Recently restorative dentistry has become more directed toward research and using bioactive materials in the dental office. Although the term bioactive is not new [12,13], it is still controversial [14], [15], [16], [17]. Due to the expected benefits associated with this term, it can be misused in advertisements. Therefore, the FDI published a Policy Statement on bioactive restorative materials to clarify the terms and provide guidelines for its use [16,17]. The FDI statement concludes that releasing ions from restorative materials does not necessarily mean the material is bioactive unless the other criteria listed in the statement are met [17]. Since ion release is one of the prerequisites for bioactivity, the development and use of ion-releasing restorative materials in the dental field have increased [18]. The ability to release ions such as fluoride (F), calcium (Ca), and phosphate (P) can retard recurrent caries as well as promote remineralization [19]. Furthermore, ions may inhibit the growth of cariogenic microorganisms [20], [21], [22].
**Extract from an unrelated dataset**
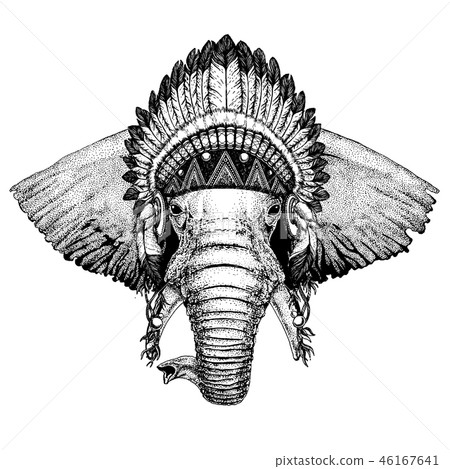 Elephant. Zoo. Wild animal wearing inidan headdress with feathers. Boho chic style illustration for Elephant. Zoo. Wild animal wearing inidan headdress with feathers. Boho chic style illustration for 46167641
Cention N (Ivoclar Vivadent, Schaan, Liechtenstein) (CN) and ACTIVA™ Bioactive Restorative (Pulpdent, MA, USA) (ACT) are relatively new materials that belong to this category. Although both ACT and CN were reported to release different levels of ions, including F+ and Ca2+ [19,[23], [24], [25], [26]], however evidence of apatite formation was only found with CN [23,26]. Nevertheless, studies investigating the biofilm formation on these materials and its relation to their surface properties are still lacking. Therefore, this study evaluates the surface roughness, water contact angle and S. mutans adhesion to CN and ACT compared to conventional RBC and RMGIC dental restorative materials.

The null hypotheses were tested as follows:

No differences would be observed in the surface roughness values of the tested restorative materials.

No differences would be observed in the contact angle values of the tested restorative materials.

No differences would be observed in the amount of S. mutans adhesion on the tested restorative materials.